2.2. Overlapping immune imbalance

As mentioned above, many pathogenic mechanisms in NDDs are intricately linked to neuroinflammation and systemic immune imbalance. At a cellular level, microglia, the resident macrophages in the brain and spinal cord, are the primary immunocompetent cells in the CNS that have a pleiotropic neurotrophic function [41,42]. In response to protein aggregation and various other neurotoxic conditions, microglia dynamically react in different ways, which range from neuroprotection to neurotoxicity. Similarly, astrocytes, the most abundant CNS glial cells, modify their functional status in pathological conditions [43]. When activated, microglia and astrocytes promote the release of immune mediators, including chemokines and interleukins, that, if persistently elevated, promote the onset and progression of NDDs, becoming potential therapeutic targets [44,45].
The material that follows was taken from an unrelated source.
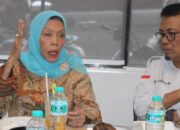 Setelah Gagal Kemarin, Hari Ini Pimpinan BAZNAS-RI ke Maros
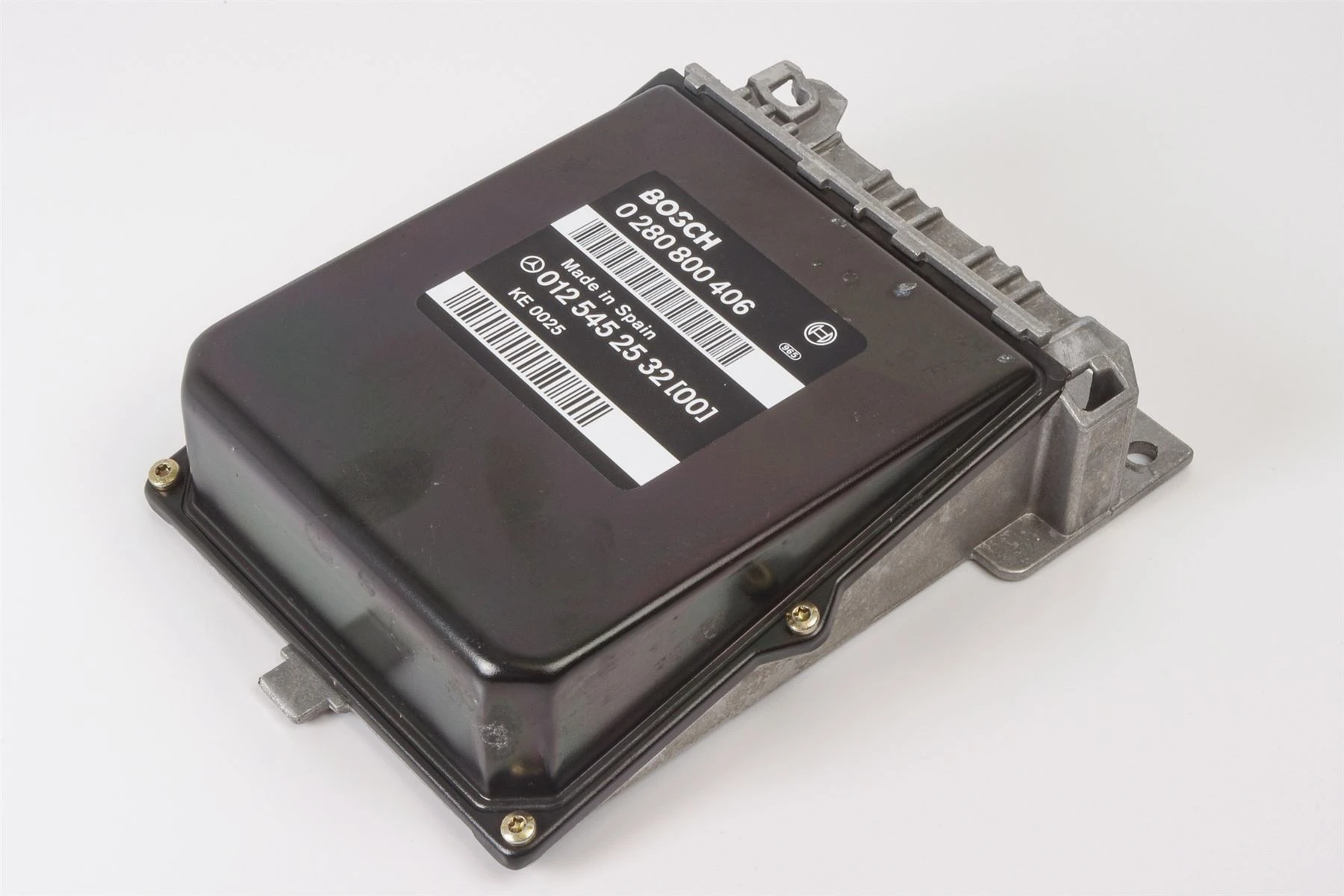 Mercedes 0125452532 KE Engine Control Unit | R129 SL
Several genes directly affecting immune functions have been linked to ALS and/or FTD, such as C9ORF72, TBK1, OPTN, CYLD, GRN (reviewed in [3,4,5,46]). Moreover, as detailed below, genes enriched in microglia have been increasingly implicated in AD pathogenesis over the last decade. It is interesting though, that there is only moderate genetic overlap between NDDs. A recent large GWAS study found evidence for only eleven shared loci in AD, PD and/or ALS, which were potentially linked to genes affecting lysosomal or autophagic functions, neuroinflammation, DNA damage response, and oxidative stress [47]. However, despite such comparably small overlap in individual genes, functions defective across the broad spectrum of NDDs are linked to phagocytosis, lysosomal functions, autophagy, inflammatory signalling, activation of complement and others [48,49,50,51,52]. Many of these functions, including activation of complement, inflammatory signalling, and phagocytosis are beneficial only in a narrow window, and if uncontrolled can lead to various harmful effects, including extensive synaptic pruning and bystander cytotoxicity [51,52,53,54,55]. The harmful effects of these factors are not limited to the CNS, and many lead to systemic immune imbalance. Higher neutrophil counts and blood proinflammatory factors are linked to a higher risk of developing ALS, AD and PD [56,57,58,59].
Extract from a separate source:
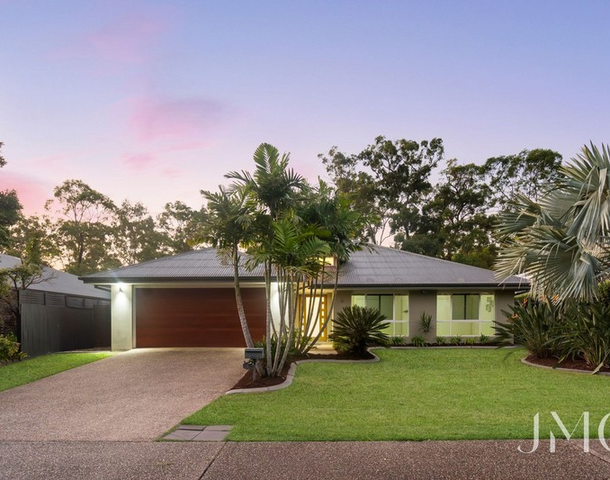 8 Lilyvale Crescent, Ormeau QLD 4208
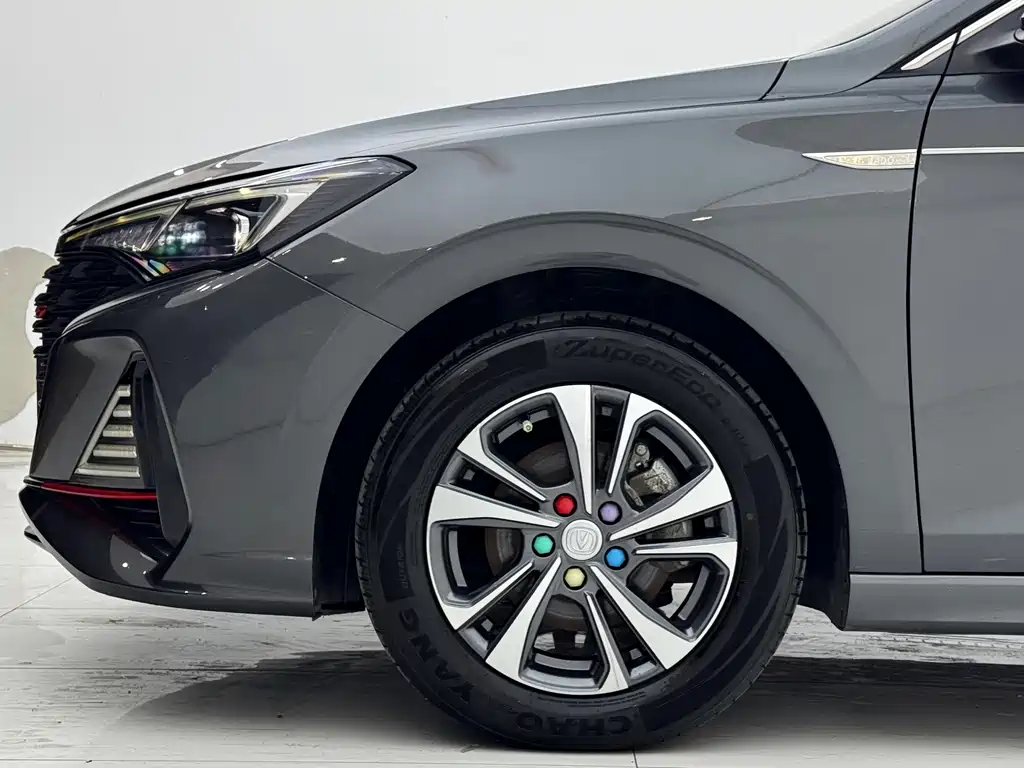 Changan Eado — миниатюра 22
Given that genetics can explain only a small fraction of NDD cases and that most have a complex environmental component, many environmental factors have been researched, such as infectious diseases, microbiome composition, toxins (pesticides and other), most of which affect immune responses. The proposed link between viral infection and NDD has been studied since the Spanish flu of 1918, which was caused by influenza A virus subtype H1N1 [60]. Since then, multiple viruses proposed to increase the risk such as herpes simplex virus 1 (HSV-1) for AD, retroviruses for ALS, and others [61,62,63,64] Most recently, similar risk has been found for SARS-Cov2 and is predicted to have a great impact given the large number of affected individuals in the corona virus 19 (COVID-19) pandemic [65]. In perhaps the most comprehensive study thus far, exposure to 45 viruses was linked to NDDs in a Finnish cohort, 22 of which were replicated in an UK cohort [66]. While the large risk effects such as those reported between viral encephalitis and AD were rare, moderately increased risk was very common. Notably, severe cases of influenza and pneumonia were significantly associated with five NDDs (AD, PD, ALS, vascularized and general dementia). Most of the associations were more strongly linked to NDD one year prior to their diagnosis, but some exposures affected the risk up to 15 years prior to the diagnosis. Fittingly, associations with neurotropic viruses were the most common (>80%), and none of the viruses seemed to confer neuroprotection. Similar associations have been reported for severe systemic bacterial infections in AD, as further discussed below [67]. Overall, this strongly argues that CNS and systemic inflammation is linked to NDDs and that preventive vaccines should be pursued more aggressively, not only to avoid infections, but also their long-term aftermath like NDDs.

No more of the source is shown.